How to Help Teens Become More Self-Compassionate

Self-compassion may be key to supporting teen mental health. Dr. Karen Bluth shares lessons from her mindful self-compassion program.

Leslie came to the first class of my course on self-compassion for teens with a definitive chip on her shoulder. She refused to sit with the group, standing on the perimeter with arms defiantly crossed and eyes narrowed. There was no doubt of the message she was conveying: “Don’t you dare try to make me participate in this class.”

I didn’t. I knew better.

During a self-compassion meditation, I sensed Leslie shifting uncomfortably in her seat. She breathed heavily from time to time. But when the meditation ended, her face had changed; the anger and resistance had dissolved and tears were rolling down her cheeks. Through her sobs, Leslie explained that she didn’t want to be here, that all her friends were together at a football game and her mom made her come to this class. We breathed with her during her story and welcomed her tidal wave of emotions. In the course, we always allow emotions to be present, no matter how overwhelming, in an effort to help teens learn how to deal with them.

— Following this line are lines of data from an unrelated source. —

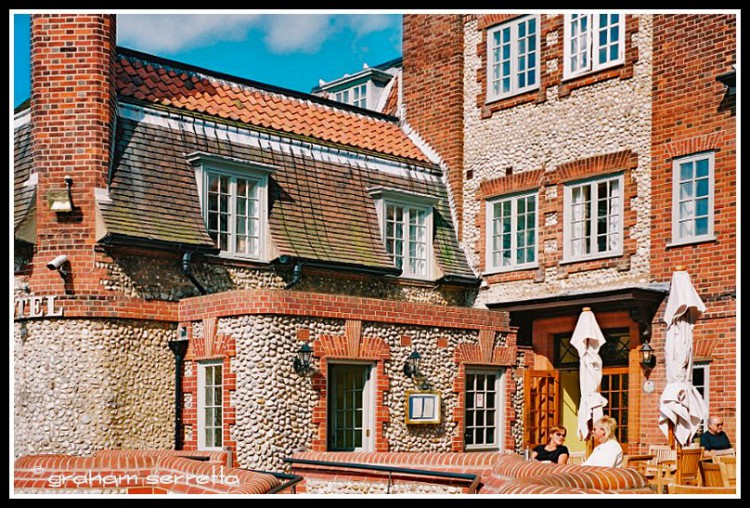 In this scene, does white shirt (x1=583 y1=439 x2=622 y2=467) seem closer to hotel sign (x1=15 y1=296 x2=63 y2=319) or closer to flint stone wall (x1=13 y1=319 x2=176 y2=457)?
flint stone wall (x1=13 y1=319 x2=176 y2=457)

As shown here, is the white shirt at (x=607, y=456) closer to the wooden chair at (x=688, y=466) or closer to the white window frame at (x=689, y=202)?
Answer: the wooden chair at (x=688, y=466)

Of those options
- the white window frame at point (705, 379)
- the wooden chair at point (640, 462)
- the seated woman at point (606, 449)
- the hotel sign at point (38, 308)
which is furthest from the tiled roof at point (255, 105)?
the seated woman at point (606, 449)

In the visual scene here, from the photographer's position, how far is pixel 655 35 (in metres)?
20.1

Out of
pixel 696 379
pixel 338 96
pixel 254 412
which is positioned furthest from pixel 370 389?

The class ended. Leslie bolted out, ran down the hall, and was gone. All week I wondered if she would be back for the next session.

The class I was teaching was called Making Friends with Yourself: A Mindful Self-Compassion Program for Teens (MFY). It focuses on the specific skills of how to be kinder to yourself—as pioneering self-compassion researcher Kristin Neff puts it, treating yourself as you would a good friend who was struggling. Sad to say, almost 80 percent of us treat others with more compassion and kindness than we offer to ourselves. When our friends have a bad day, we support them in every way we know how; when we’re having a bad day or fail at something, we generally beat ourselves up with self-criticism.